→ Exercise: Copy out the data exactly as it appears, without a single image.

→ The data:
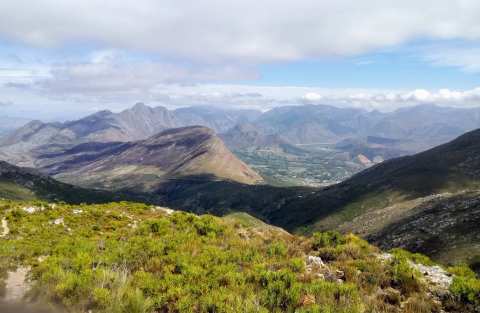 Mont Rochelle Nature Reserve — photo 2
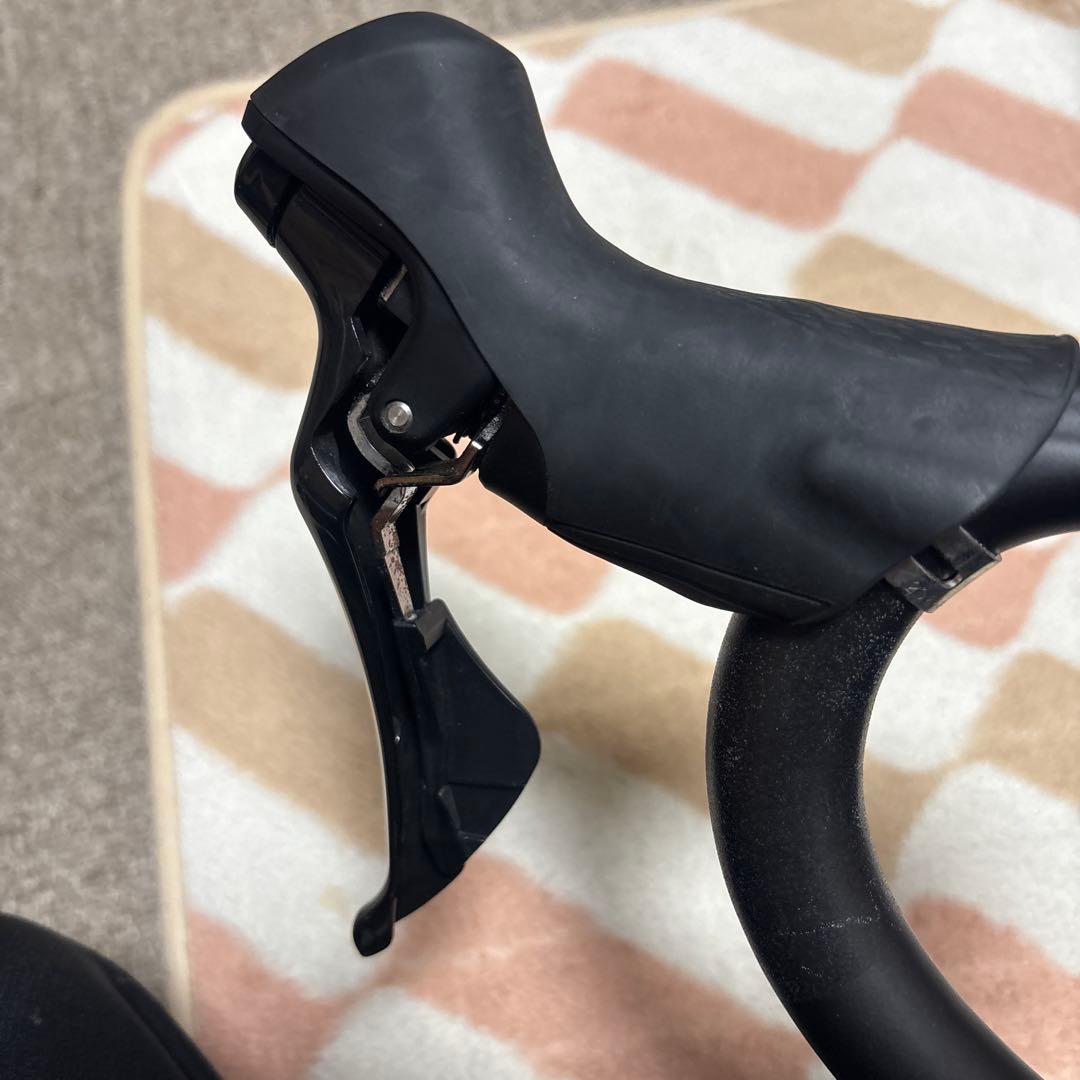 パーツ r7000 sti Edgar Diaz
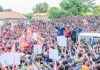 Nakonde Clergy Endorse Hichilema for August Polls Nakonde Clergy Endorse Hichilema for August Polls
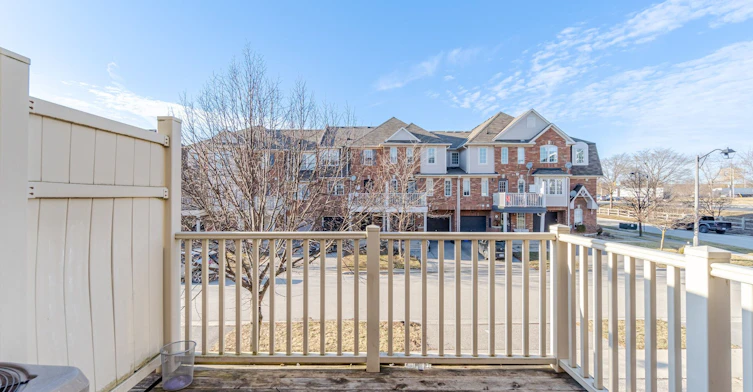 3034 Drumloch Avenue, Oakville, ON, L6M 5H8 - 20
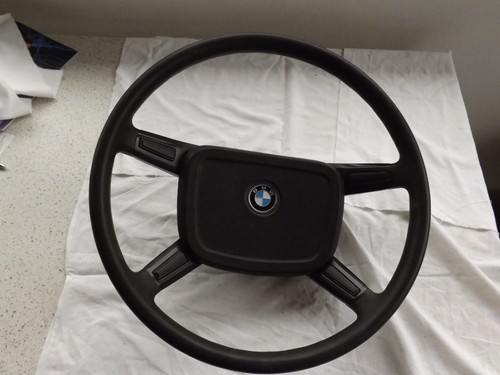 Bmw volante originale - originale, 1602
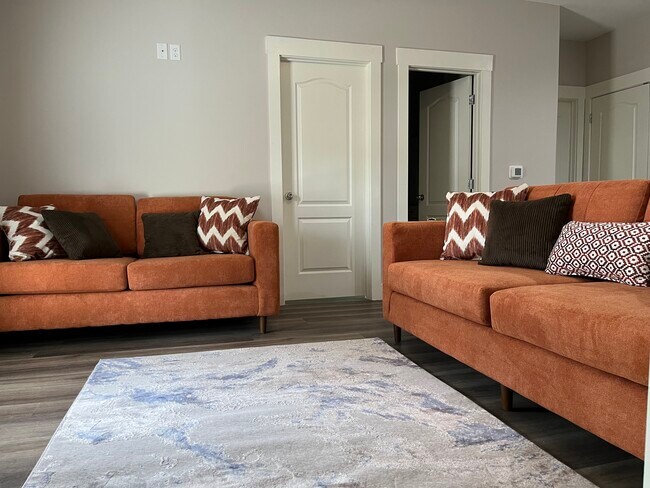 Foto del edificio - The Verandas Apartment Homes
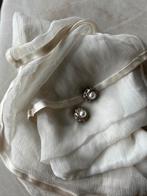 Oorbellen clips uit Berlijn, Overige merken, Overige materialen, Ophalen of Verzenden, Zo goed als nieuw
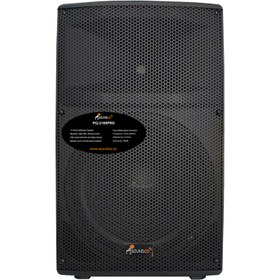 تصویر اسپیکر | باند اکتیو Soundco PQ-2180pro Soundco PQ-2180pro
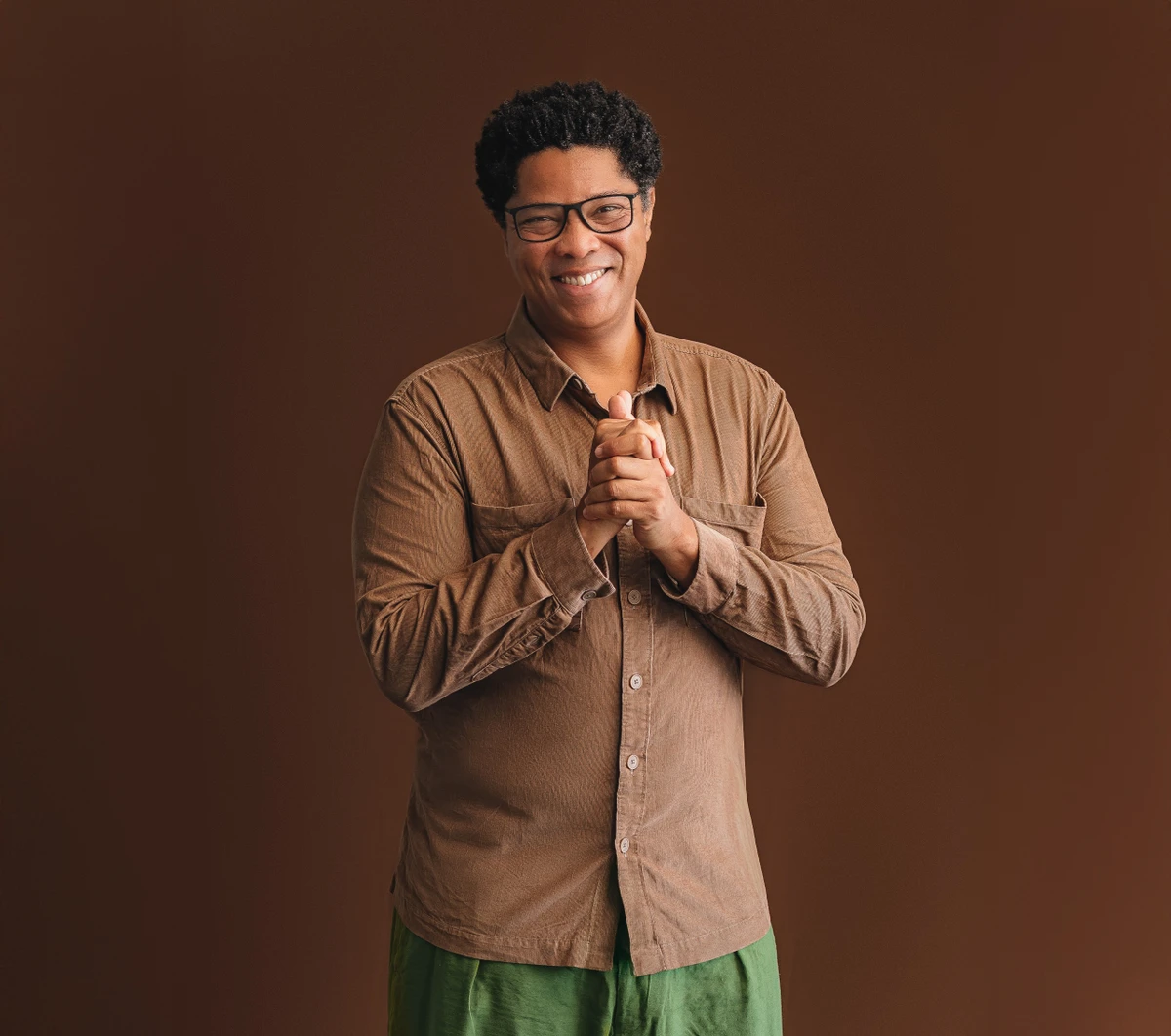 Elísio Lopes Jr. por Divulgação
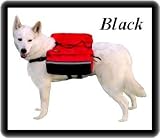 Outward Hound Quick-Release Dog Backpack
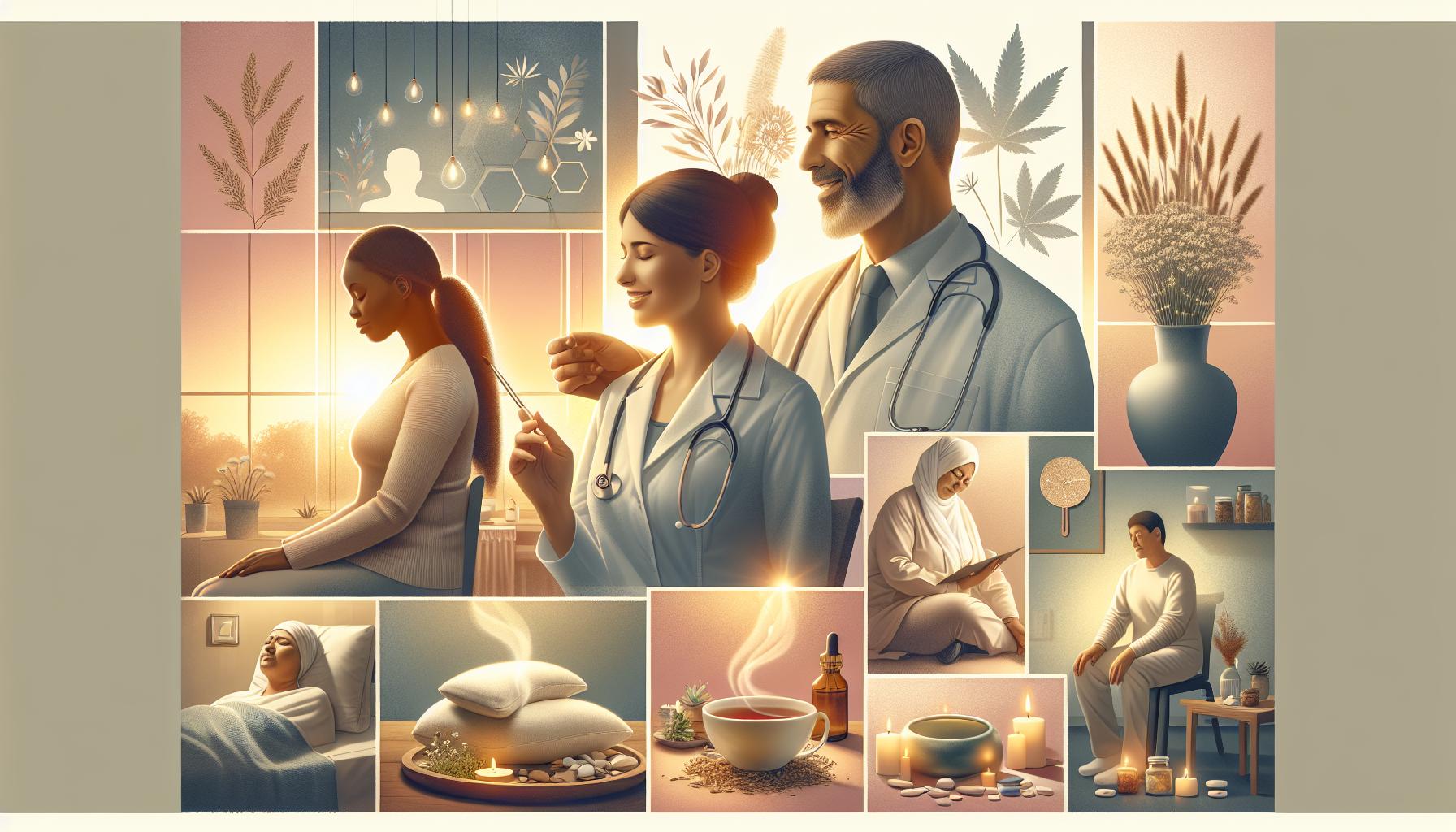 Jaké jsou příčiny sedmi bolestí?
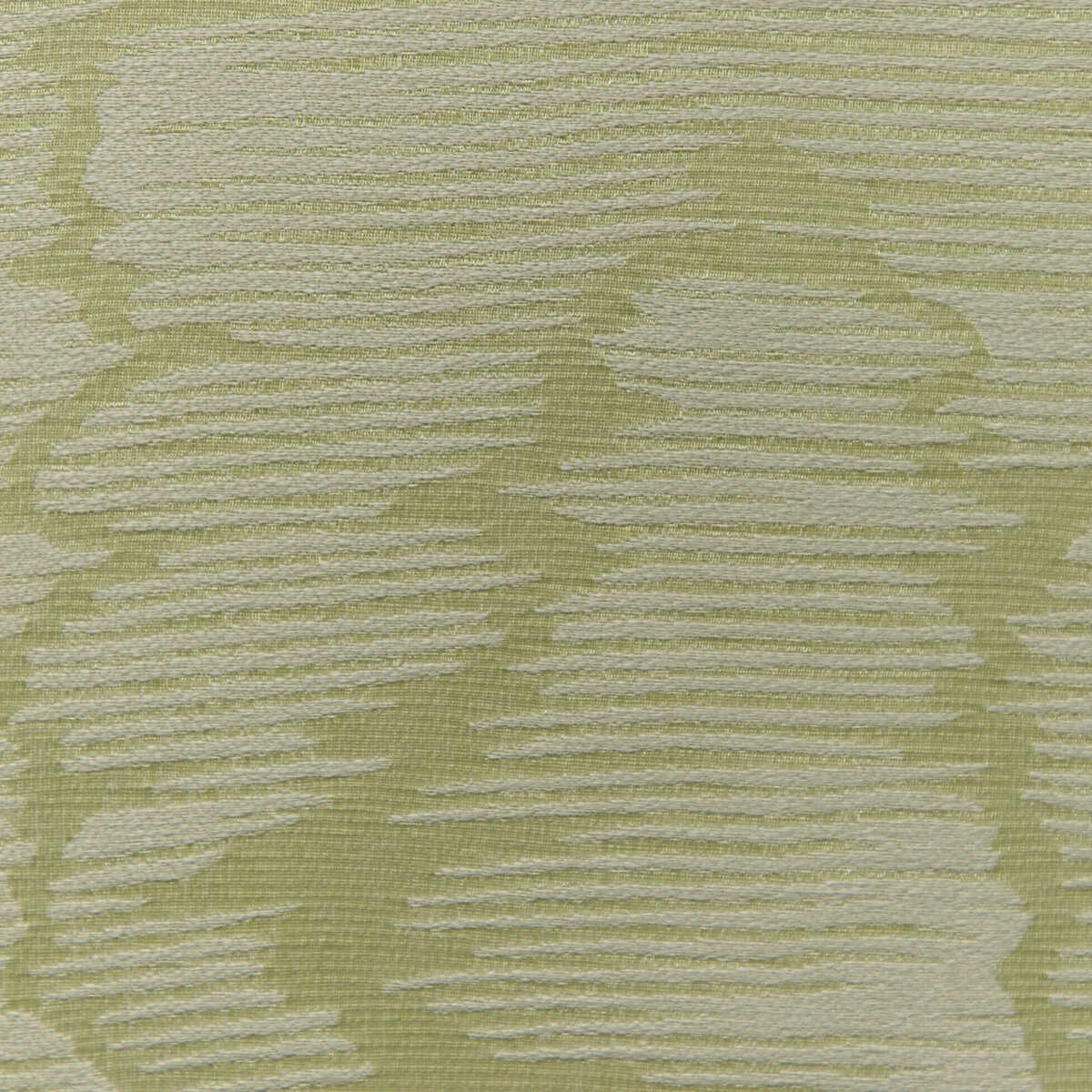 Lyon Weave - Leaf - BRUNSCHWIG & FILS Tela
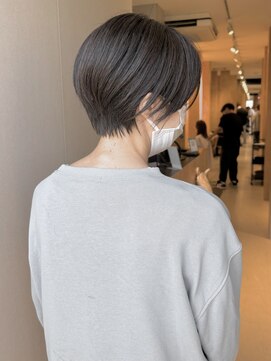 チャコレ パーチ 北千住店(Chacolle perch) 骨格矯正ショート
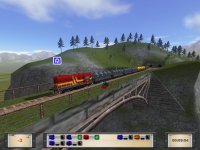 Cкриншот Loco Mania, изображение № 409934 - RAWG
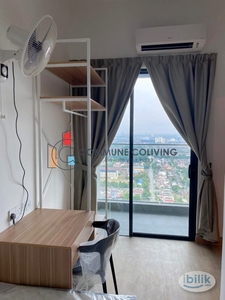 Single Room at Grand Subang SS15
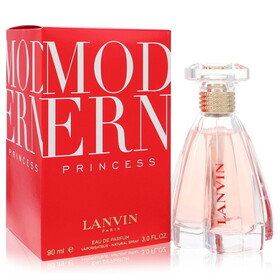 Lanvin 542425 Eau De Parfum Spray 3 oz, for Women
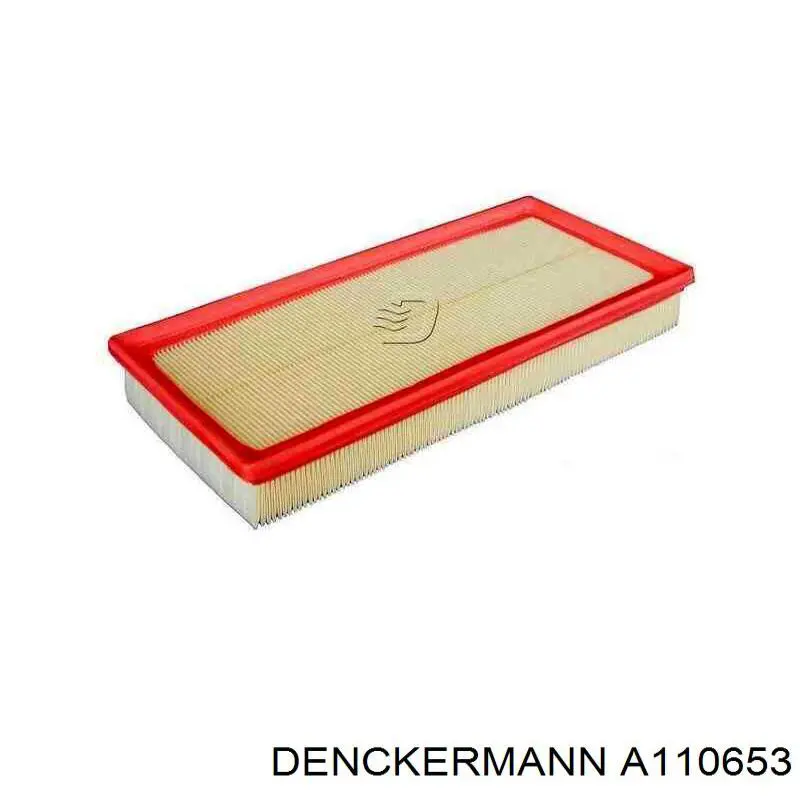 Фільтр тонкого очищення палива Denckermann A110653 ціна, від 15.40 USD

→ Expected answer:
 Mont Rochelle Nature Reserve — photo 2
 パーツ r7000 sti Edgar Diaz
 Nakonde Clergy Endorse Hichilema for August Polls Nakonde Clergy Endorse Hichilema for August Polls
 3034 Drumloch Avenue, Oakville, ON, L6M 5H8 - 20
 Bmw volante originale - originale, 1602
 Foto del edificio - The Verandas Apartment Homes
 Oorbellen clips uit Berlijn, Overige merken, Overige materialen, Ophalen of Verzenden, Zo goed als nieuw
 تصویر اسپیکر | باند اکتیو Soundco PQ-2180pro Soundco PQ-2180pro
 Elísio Lopes Jr. por Divulgação
 Outward Hound Quick-Release Dog Backpack
 Jaké jsou příčiny sedmi bolestí?
 Lyon Weave - Leaf - BRUNSCHWIG & FILS Tela
 チャコレ パーチ 北千住店(Chacolle perch) 骨格矯正ショート
 Cкриншот Loco Mania, изображение № 409934 - RAWG
 Single Room at Grand Subang SS15
 Lanvin 542425 Eau De Parfum Spray 3 oz, for Women
 Фільтр тонкого очищення палива Denckermann A110653 ціна, від 15.40 USD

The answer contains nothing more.